I consider the number of the UK research-performing academic staff that will provide ratings equals the number of the staff submitted to the 2014 REF, i.e. 52,061 (about 27% of the academic staff employed in the UK HEIs). I also consider that the share of publications that have at least one UK author in the publications that they read equals the share of publications with at least one UK author in the world’s scientific publications. This is a conservative estimate, because UK publications could be read more because of their higher than average quality and better local dissemination of local publications.

Adding the number of documents published in each journal listed by SCImagoJR in 2014 results in a total number of 2,351,806 documents, out of which 160,935 (6.84%) are attributed to the UK.

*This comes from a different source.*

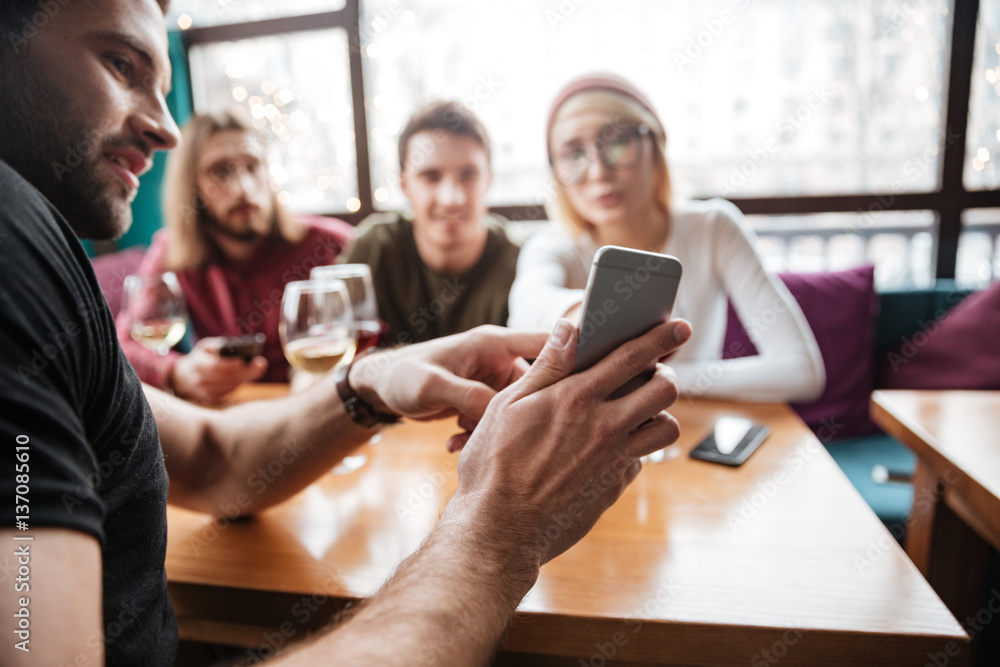 Attractive friends sitting in cafe and looking at phone. Attractive friends sitting in cafe and looking at phone.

The number of ratings of articles from the last 6 years and with UK authors that can be provided by the UK research-performing academic staff, per year, is 52,061 x 60 x 6.84% ≈ 213,658. The average number of ratings per article with UK authors is 213,658 / 160,935 ≈ 1.33.

The ratings are distributed unevenly across articles: some are not read (and rated) at all, while some are read (and rated) multiple times. Considering that the distribution of readings across articles is similar to the distribution of citations, I used a previously published model to compute that about 12% of articles (i.e., 113,450 in 6 years) will get at least 3 ratings, about 7% (71,586) will get 2 ratings and about 16% (156,187) will get one rating.

To estimate the time spent by scientists to read the articles that are rated, I considered that the longest reading durations reported in the study of a sample of US faculty members are for the articles that are read in their entirety and with great care, i.e. those that will be rated. Then, 28% of articles (8.7% / 30.8%) would be rated after being read for more than one hour, 68% (20.8% / 30.8%) would be rated after being read between half an hour and one hour, and the remaining 4% would be rated after being read between 11 and 30 minutes. These estimates are similar to the estimate of less than one hour spent by one REF assessor for reading one of the submitted research outputs if each output was read by two assessors. It has been previously argued that this time spent per output is much less than the one spent by the reviewers who assess a manuscript prior to publication, and indeed, a pre-publication review for a paper takes, on average, 8.5 h (median 5 h) for a typical scientist, and 6.8 h for an active reviewer. However, this is probably because of the relatively more effort needed for devising improvements to the current form of the manuscript and putting them in writing, while, as described above, the average time needed for reading thoroughly an article for the scientist’s own research needs is around one hour.

To estimate the extra time spent by a scientist for providing the rating, we estimate that the extra time spent on one rating is 5 minutes. Taking into account, as above, that a scientist can rate 60 articles per year out of which 6.84% are from the UK; assuming that a full-time job comprises 1950 work hours per year; and overestimating the average cost of the yearly salary of reviewers to the level of a senior-grade academic, £69,410, we get the total cost of providing ratings over 6 years as 60 x 6.84% x 5 / 60 / 1950 x 69,410 x 52,061 x 6 ≈ £3.80M.

According to data from the official REF Accountability Review, the research outputs-related costs of REF can be computed to amount to £78.04M, given that:

  • The cost of panelists (excluding costs related to impact assessment) was £19M;
  • Out of the £44M reported for central management and coordination costs (within the HEIs), an average of 40% are reported to be incurred in relation to research outputs, i.e. £17.60M);
  • Out of the £112M reported for costs at the unit-of-assessment level, excluding costs for impact statements and case studies, an average of 55% was spent on reviewing / negotiating selection of staff and publications, and of 12% for validating / extending bibliographic records for submitted research outputs. The total is 37%, i.e. £41.44M.